The performance is trending upward from its solid performance in 2010, during which GM posted its first profit since 2004. Its peers in Detroit, including Chevrolet and Ford (NYSE:F), are also experiencing a sharp uptick in demand, with Ford last week booking its best first-quarter profit in 13 years and Chevrolet on Monday revealing its first quarterly profit in five years.
Japanese automakers, who have been struggling to rebound from the March 11 earthquake and tsunami in that country, fared far worse. Toyota (NYSE:TM) has delayed production several times among supply shortages and warned of weak quarterly results. Honda, meanwhile, said on Monday it anticipated significant shortages of its most popular cars in the U.S., including the Civic, until at least next year.
Toyota said its sales slipped 2.4% in April from the year-earlier period to 159,540 units, with passenger car sales down 5.1% to 77,512.

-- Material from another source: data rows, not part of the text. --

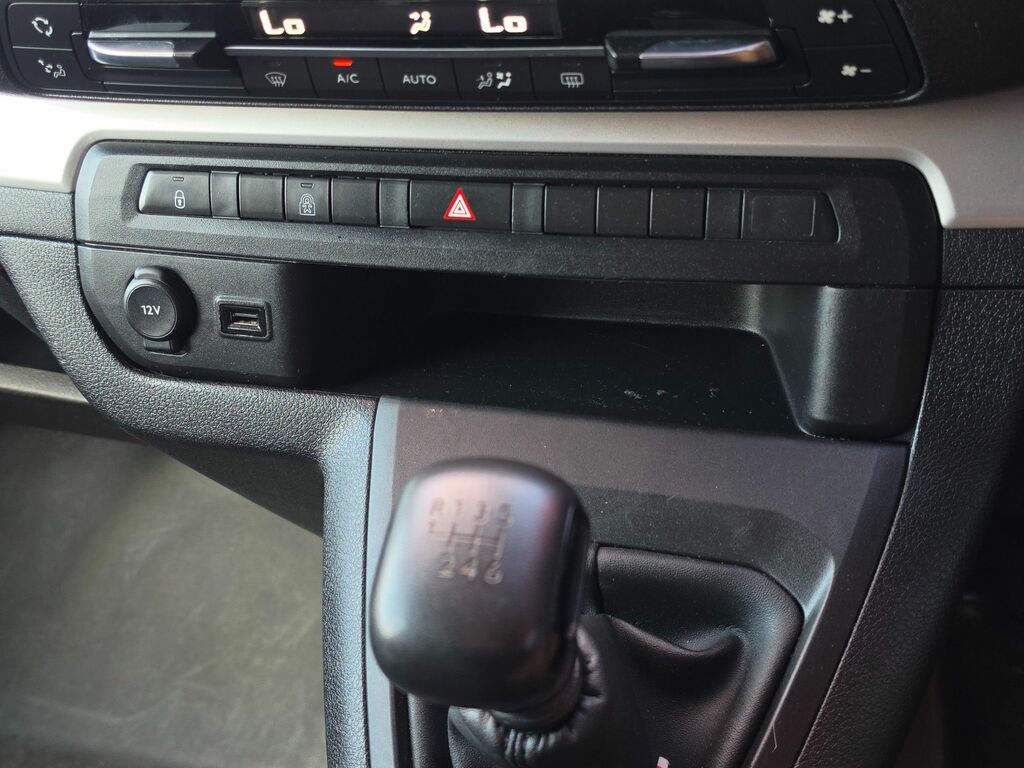 Toyota Proace Verso D-4d L1 Combi Black #56
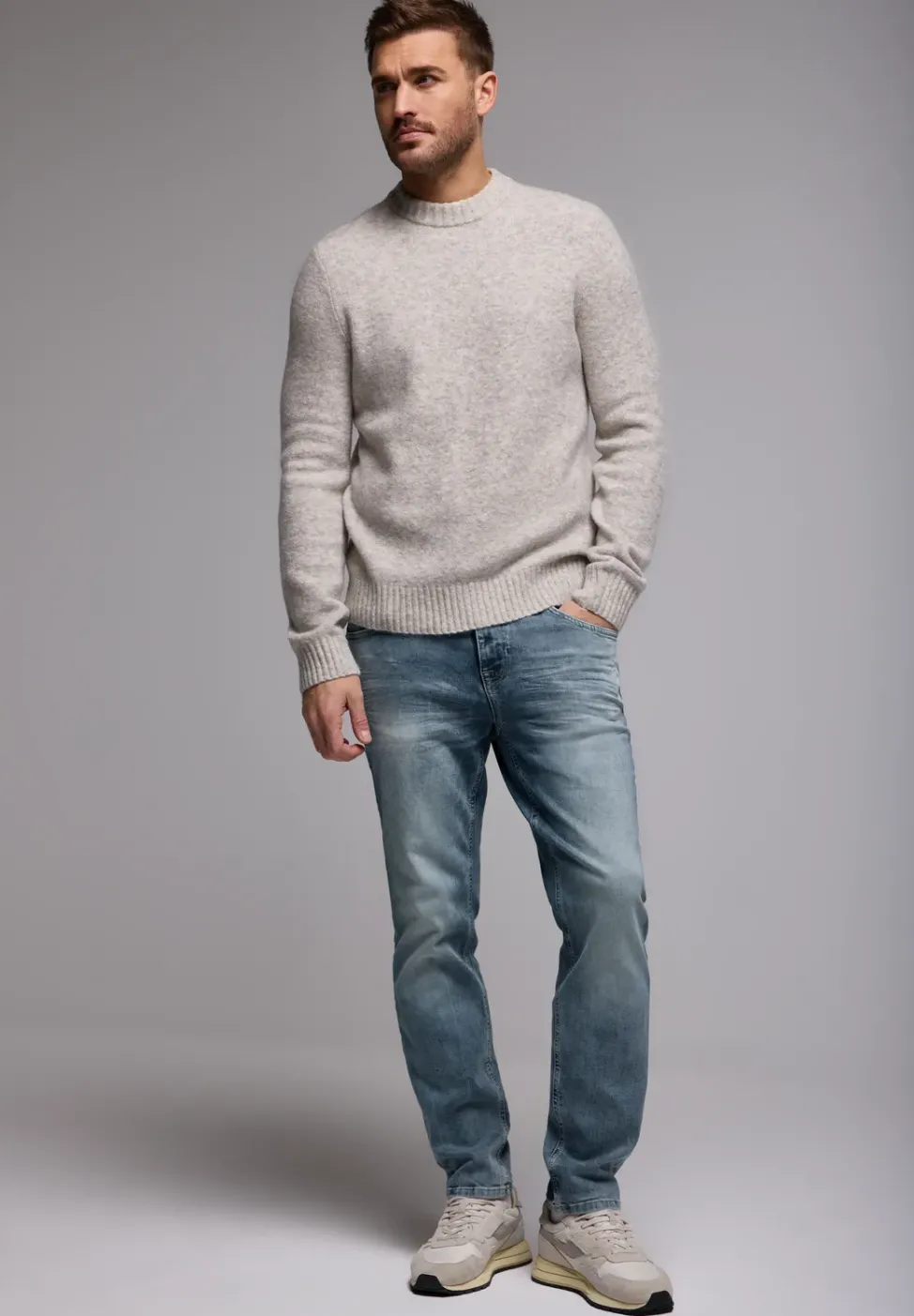 Jeans à la coupe régulière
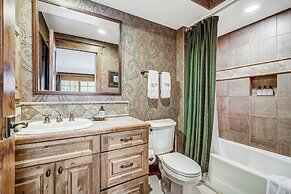 Bachelor Gulch Village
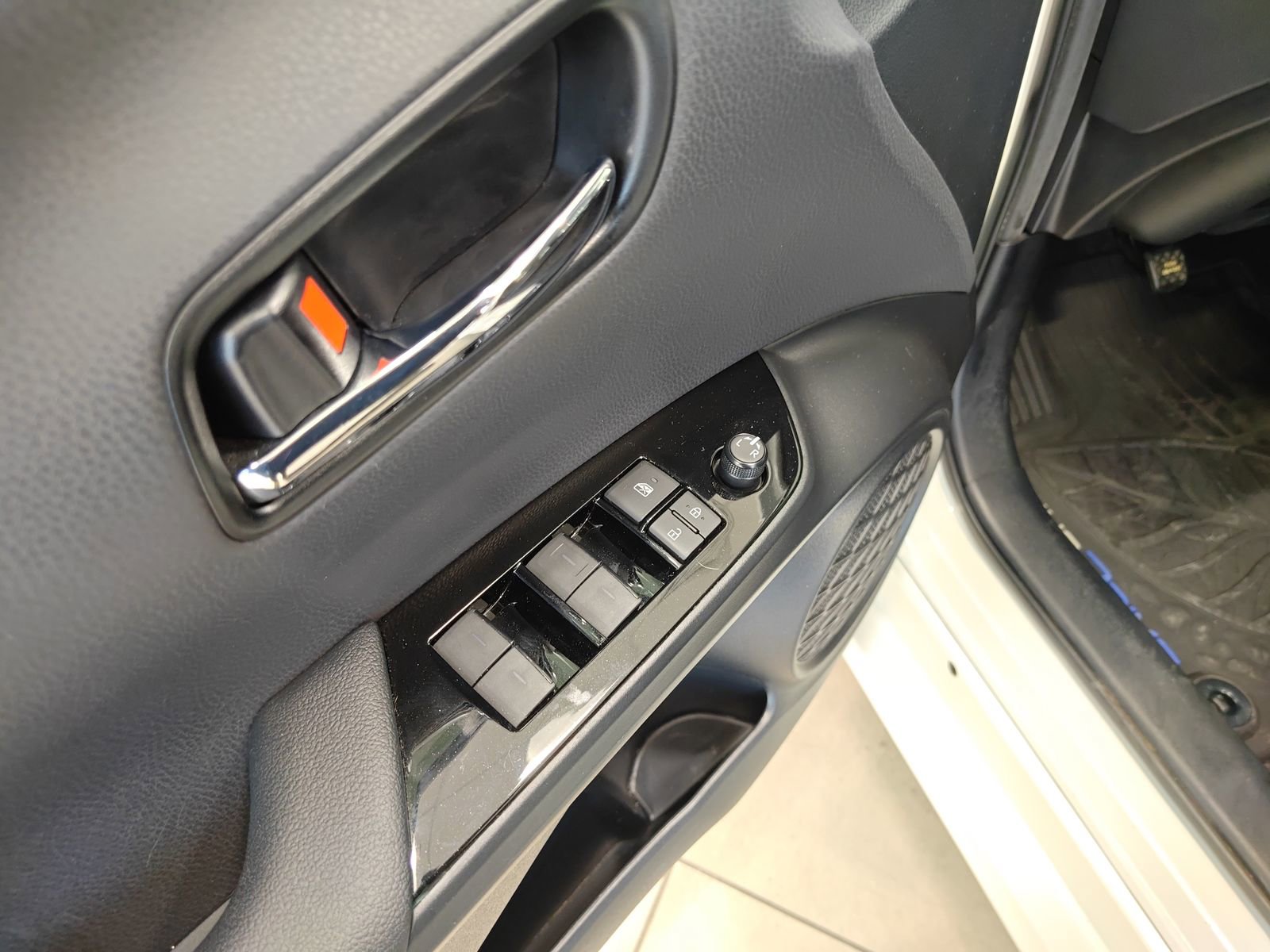 Used 2019 Toyota Prius Prime Advanced image 10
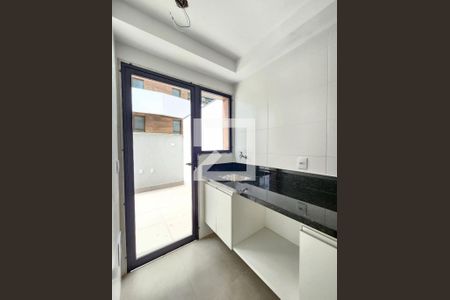 Apartamento à venda com 153m², 3 quartos e 3 vagas Apartamento à venda com 153m², 3 quartos e 3 vagasÁrea de Serviço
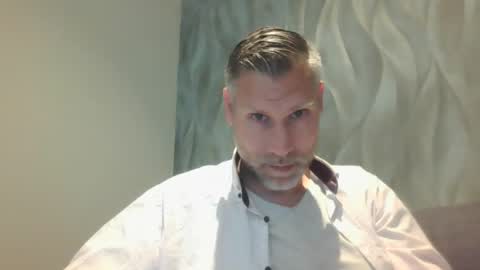 Snapshot of assmani28 chatting on 05-21-26, 01:40 Assmani28 online show from 05-21-26, 01:40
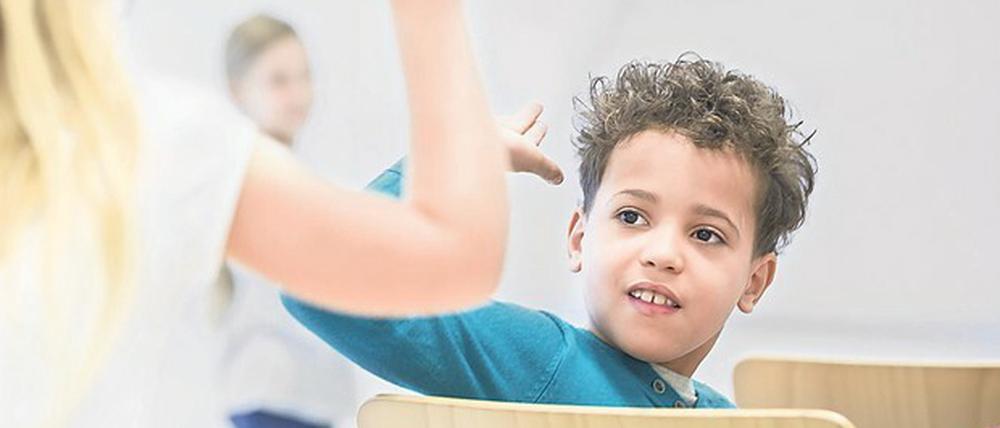 Die Fähigkeit zu verstehen, was andere Menschen denken und fühlen, entwickelt sich vor allem in der Grundschulzeit, so die Studie.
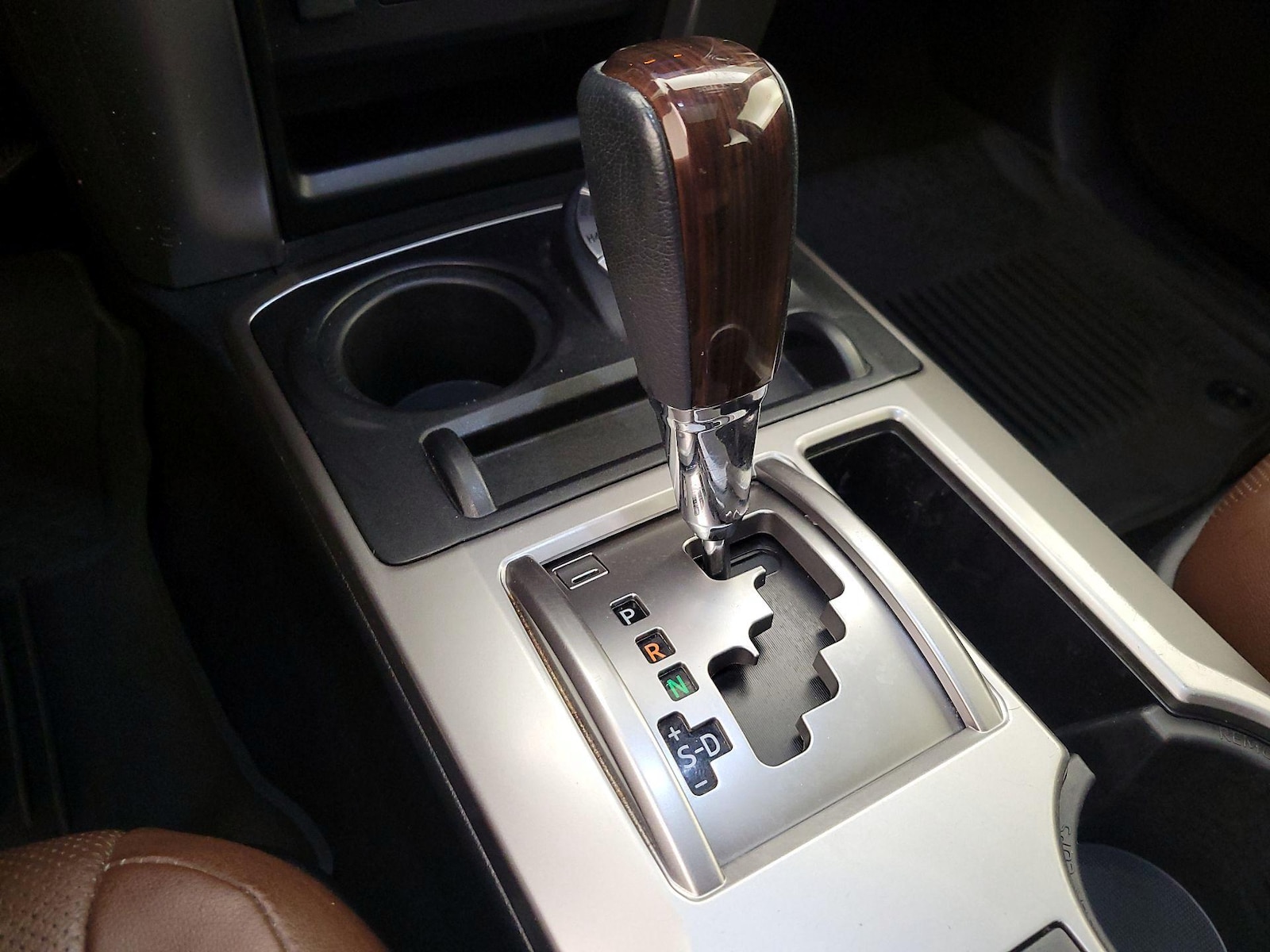 2023 Toyota 4Runner Limited - Photo 19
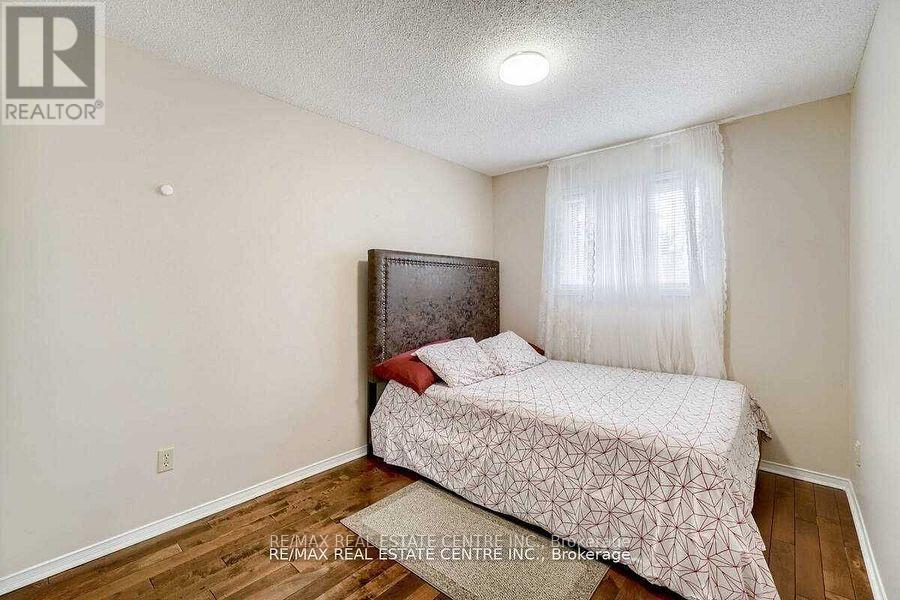 18 Galbraith Court, Clarington, Ontario  L1C 4P5 - Photo 11 - E12486200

As with its American rivals, Toyota’s fuel-efficient cars such as the Camry and Camry Hybrid led April sales with a year-over-year improvement of 5%, though its luxury brand Lexus slumped 17.8%. TMS hybrids also lowered the results, dropping 8.8% from the same period in 2010.
Sales of new GM vehicles launched since June 2009 led its improvement in April sales, jumping a whopping 76% from the same month in 2010. April deliveries to commercial accounts rose 21% during the month, marking just over a year of sequential gains.
Retail sales, those sold directly to individual customers, increased 25%, with cars and crossovers up 49% and 28%, respectively. The Cruze, which replaced the Chevrolet Cobalt, ticked 180% higher than its predecessor.
“Recently, rising fuel prices have led many to re-think their vehicle choice,” said Don Johnson, vice president of U.S. sales operations. “Because of the investments we've made in fuel-efficiency and global product architectures, the company is well positioned to meet these needs.”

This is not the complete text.